Transcript Document
Phones OFF Please
File Systems
Parminder Singh Kang
Home: www.cse.dmu.ac.uk/~pkang
Email: [email protected]
Introduction
• File systems are needed:
Because main memory is not big enough
To maintain permanent copies of information
• File system should be device independent to allow programs to use the same
commands with different devices,
• Disks provide the bulk of secondary storage on which a file system is maintained.

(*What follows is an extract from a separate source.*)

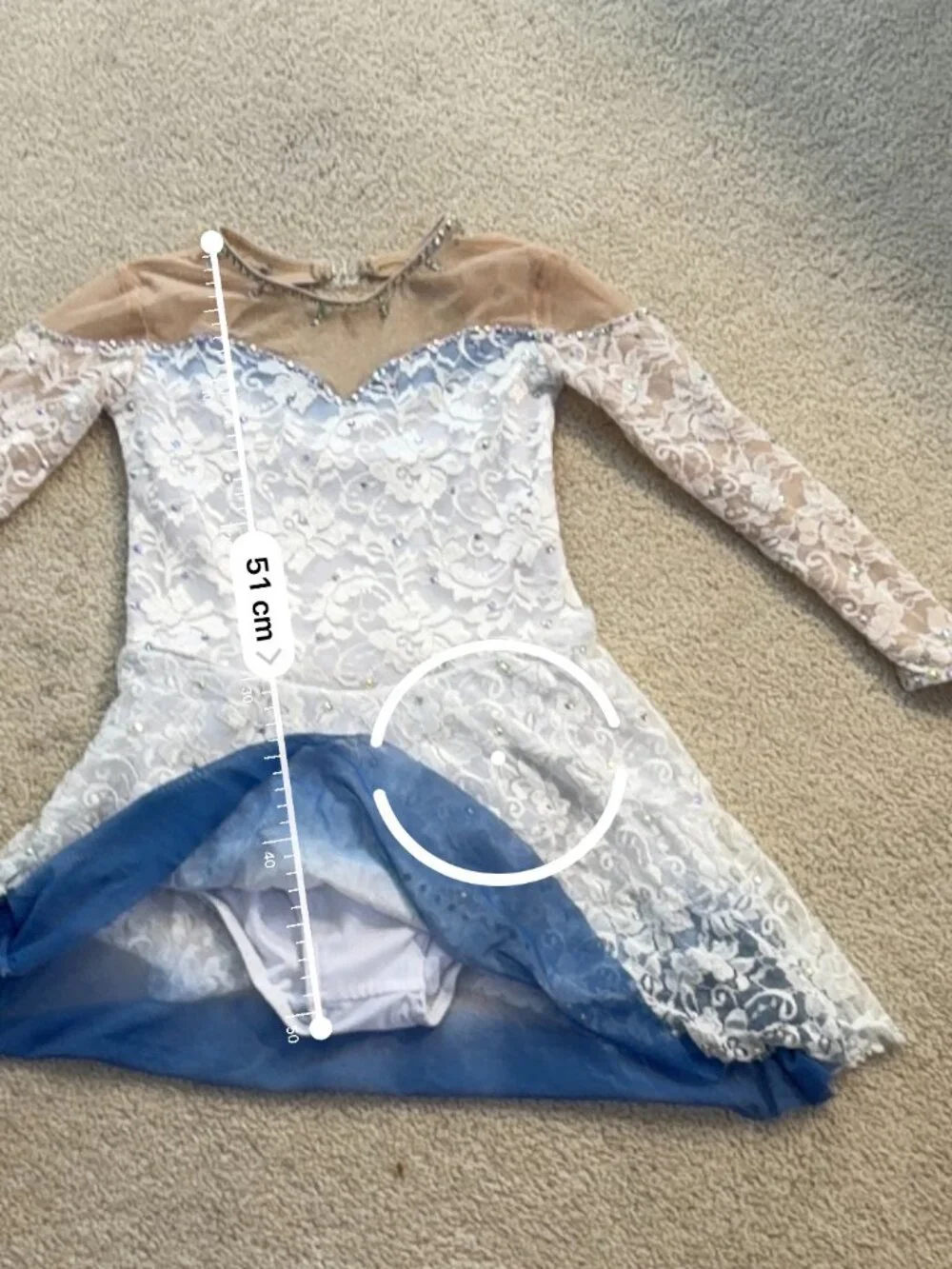 Pre-Owned White Crystal Figure Skating Dress Girls 6–8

• The advantages of using disks are;
Ability to rewrite at same place.
User can access directly given block of information
And it improves efficiency and performance of operations
by transferring data in unit of blocks instead of byte by byte.
1 File Subsystem
• Provides users/applications with a logical interface
Impose uniform structure on storage,
i.e. typically hierarchical directory structure
Refer to elements by meaningful names
Specify operations on storage in application terms, e.g. read a real number
•Maps logical organisation to a physical storage media
• Hides details of the physical organisation –
Using device drivers allows all I/O to be treated alike
1.1 Device drivers
• Transfer from/to peripheral requires series of steps :
Check current status
Initiate status change
Request transfer
Receive notification complete
1.2 File Subsystem requirement
• Specifying Logical File characteristics
• Cataloguing/locating files
• Mapping physical to logical
• Supporting file operation
• Controlling access
1.3 File System Structure
• I/O Control:
Consist of device drivers and interrupt handlers to transfer information
between main memory and disk system.
The basic function of I/O controller is to access specific location on device.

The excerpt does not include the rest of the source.